▸ **PROBLEM REQUIREMENTS**:
Using the data below, print exactly the line with "Urban Classics Men's", the line with "بازدید اعضای کمیسیون", and every line between them, but none of the pictures.

▸ **DATA RECORDS**:
------------------------------------------------

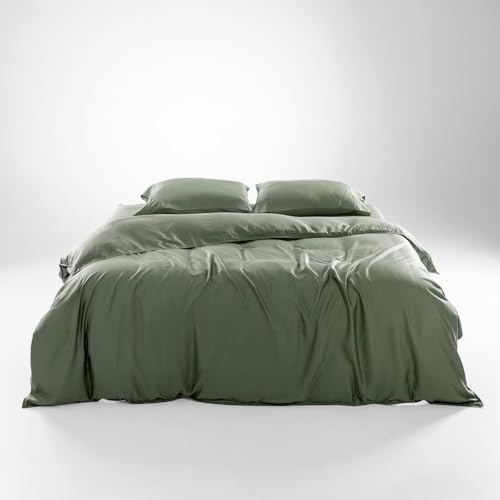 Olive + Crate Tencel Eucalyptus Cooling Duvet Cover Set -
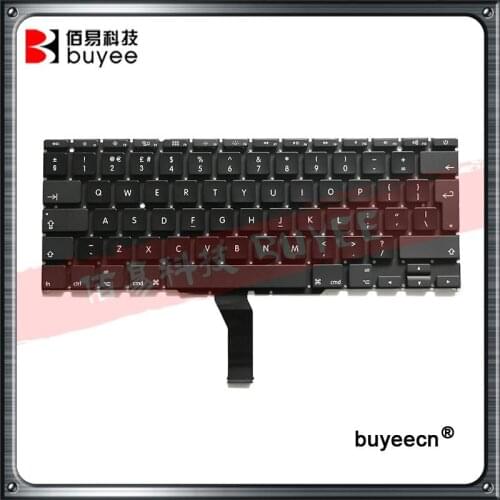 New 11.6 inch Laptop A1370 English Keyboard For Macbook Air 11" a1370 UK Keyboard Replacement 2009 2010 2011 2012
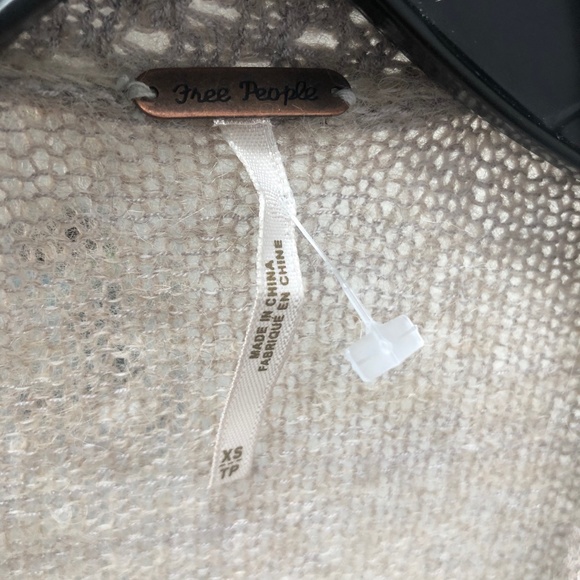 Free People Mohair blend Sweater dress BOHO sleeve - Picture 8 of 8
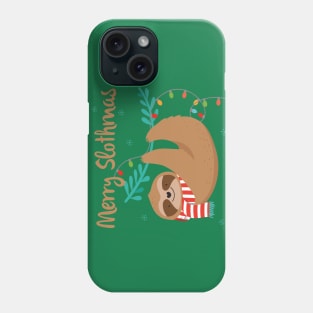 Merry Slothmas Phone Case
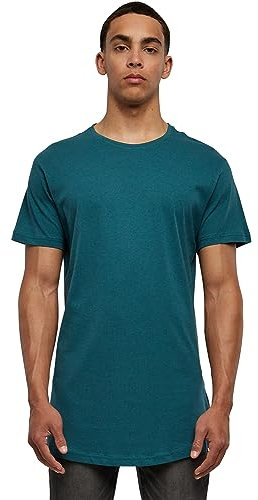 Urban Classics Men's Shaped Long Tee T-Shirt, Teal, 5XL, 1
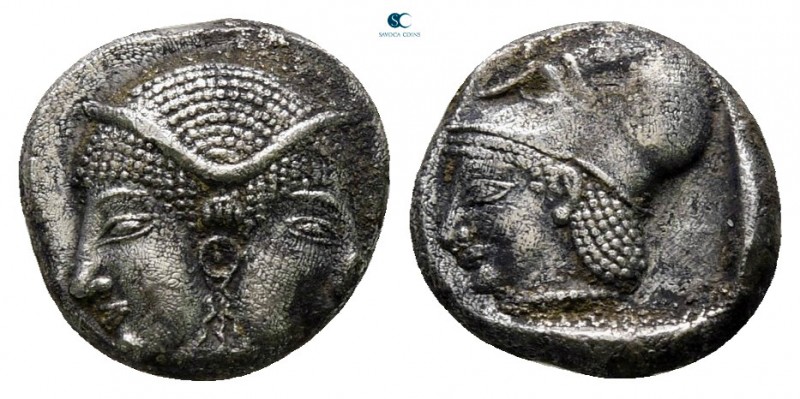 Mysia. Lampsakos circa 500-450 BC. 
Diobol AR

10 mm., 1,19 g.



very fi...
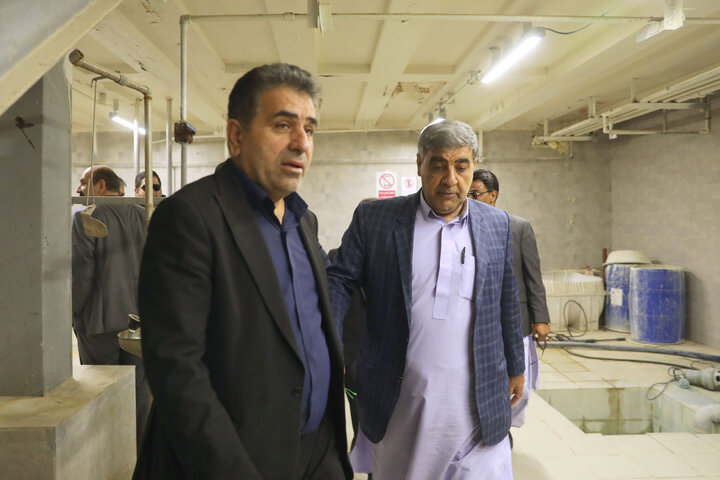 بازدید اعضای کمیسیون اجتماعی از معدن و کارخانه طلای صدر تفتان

------------------------------------------------

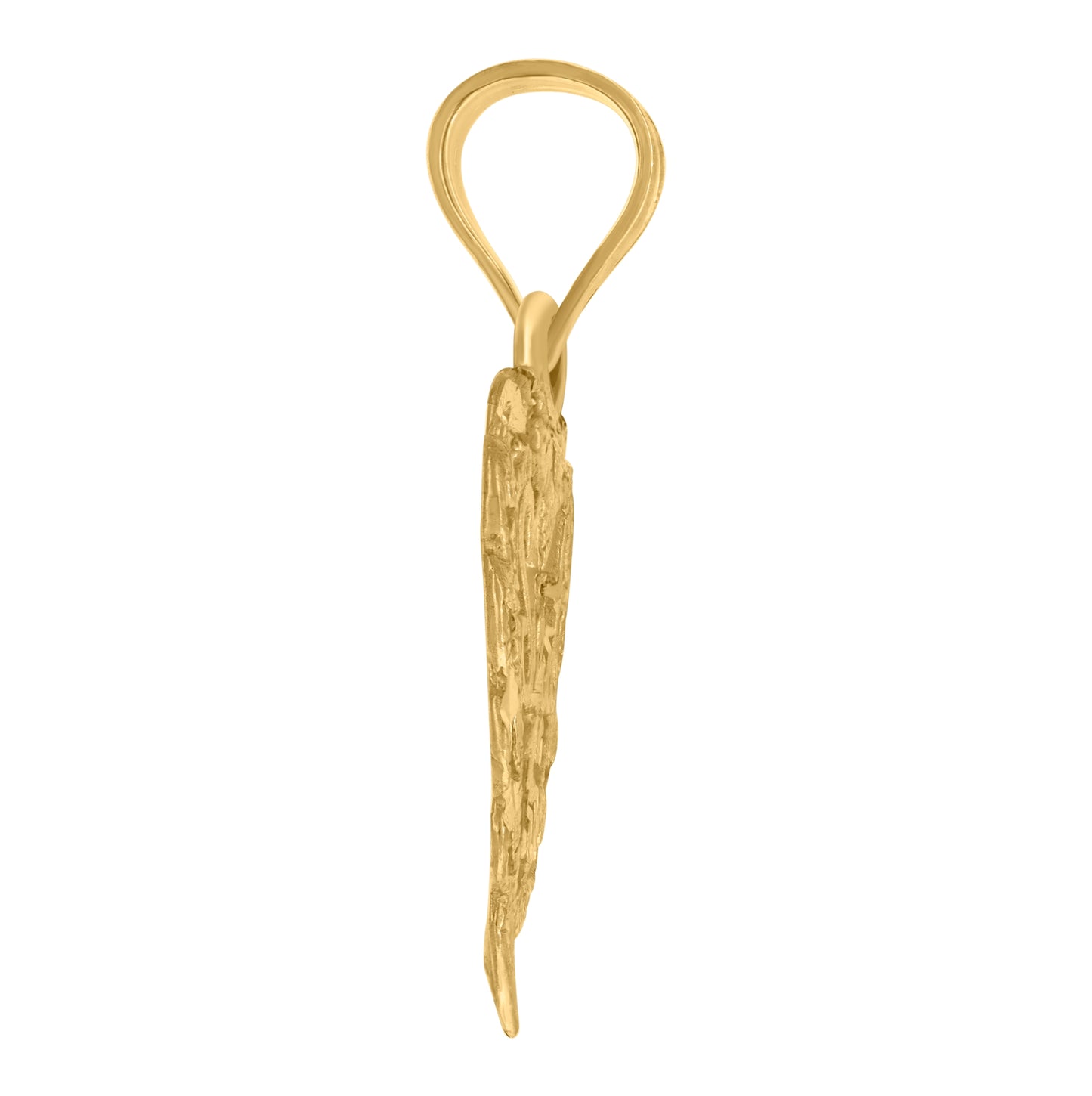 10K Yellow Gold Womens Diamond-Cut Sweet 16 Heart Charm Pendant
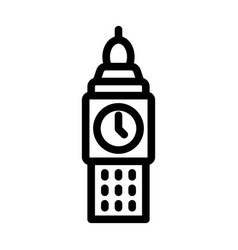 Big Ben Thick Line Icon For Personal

------------------------------------------------

▸ **ANSWER BOX**:
 Urban Classics Men's Shaped Long Tee T-Shirt, Teal, 5XL, 1
 Mysia. Lampsakos circa 500-450 BC. 
Diobol AR

10 mm., 1,19 g.



very fi...
 بازدید اعضای کمیسیون اجتماعی از معدن و کارخانه طلای صدر تفتان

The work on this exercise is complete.